Automatic 12-lead ECG classification using a deep neural network and unsupervised pre-training

Antonio H. Ribeiro1, Daniel Gedon2, Daniel Martins Teixeira1, Manoel Horta Ribeiro3, Antonio Luiz Ribeiro1, Thomas B. Schön2, Wagner Meira Jr4
1Universidade Federal de Minas Gerais, 2Uppsala University, 3École Polytechnique Fédérale de Lausanne, 4Universidade Federal de Minas Gerasi


Abstract

The 12-lead electrocardiogram (ECG) is a major diagnostic tool for cardiovascular diseases. Enhanced automated analysis tools might lead to more reliable diagnosis and improved clinical practice. Deep neural networks are models composed of stacked transformations that learn tasks by examples and are deployed here for automatic ECG classification. Inspired by the success of these models in Natural Language Processing (NLP) and Computer Vision, we propose an end-to-end approach for the task at hand. We trained the model in the dataset of 6,877 samples provided in the Physionet 2020 Challenge: 70% for optimizing the weights and 30% only for evaluating different setups. We use a two-stage approach. In a first unsupervised stage, given a partial ECG signal, the model is trained to predict unseen samples of the signal. This stage does not use any labels and is similar to NLP approaches. In a second supervised stage, we use a convolutional neural network, commonly used for image classification, but adapted here for unidimensional signals. We use the same architecture described in Nat Commun 11, 1760 (2020) for 12-lead ECGs classification. However, instead of the ECG signal, the output of the pre-trained block is used as input to the convolutional neural network.

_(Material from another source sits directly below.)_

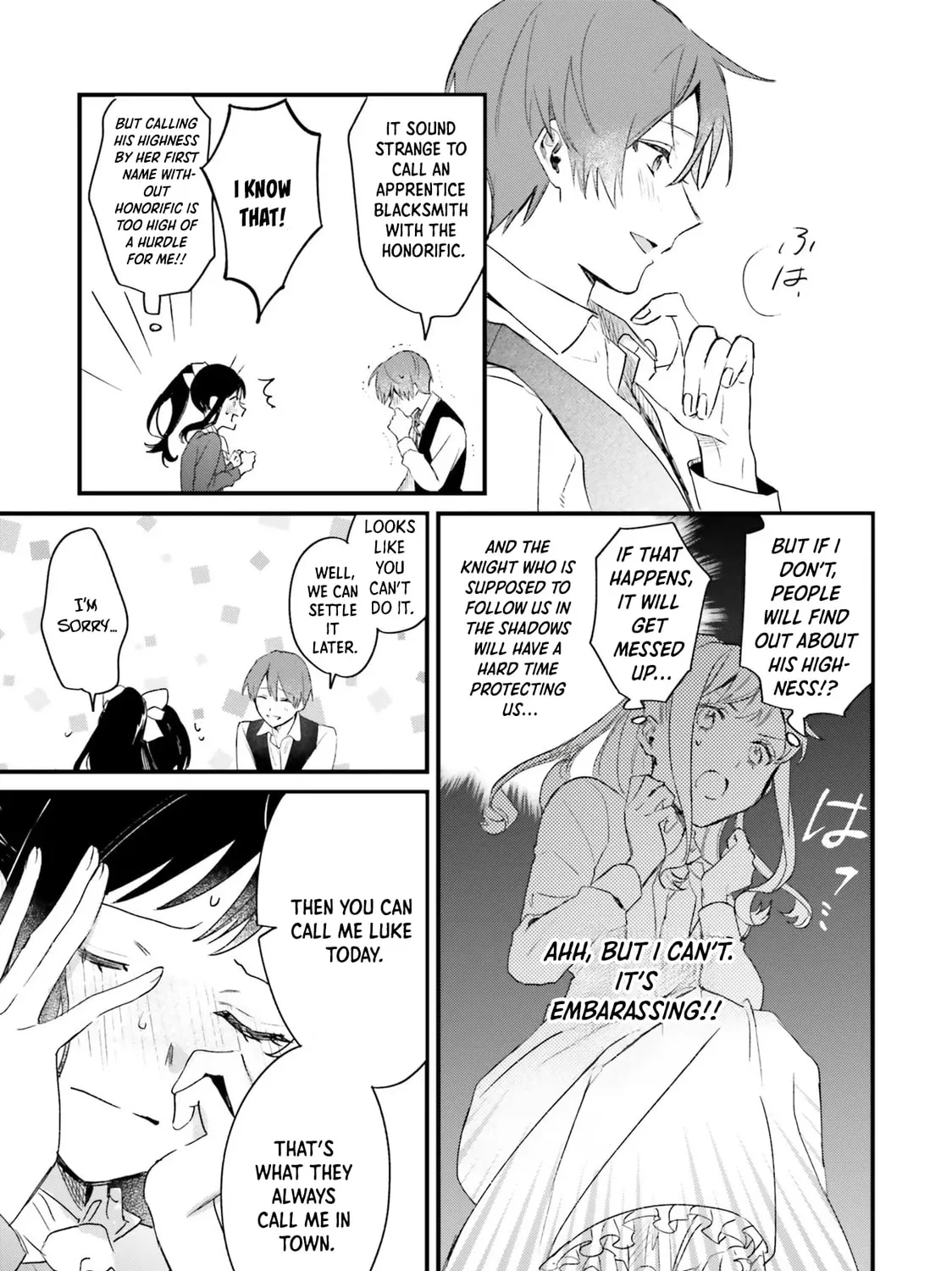 Gyakkou Shita Akuyaku Reijou wa, Naze ka Maryoku wo Ushinattanode Shinsou no Reijou ni Narimasu Chapter 6 page 51 -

In the unofficial phase submissions, without using the pre-training stage, we obtained a model with F-2 score of 0.727 and G-2 score of 0.509. Adding the pre-training stage, we obtained scores of, respectively, 0.750 and 0.523, indicating the potential of this novel approach. Deep learning is known to work the best with large datasets, thus we expect significant improvements in our model performance as additional training data are made available by the challenge organizers. The self-supervised stage provides an interesting approach to develop large end-to-end models given the scarcity of labels in the medical domain and might yield interesting future developments.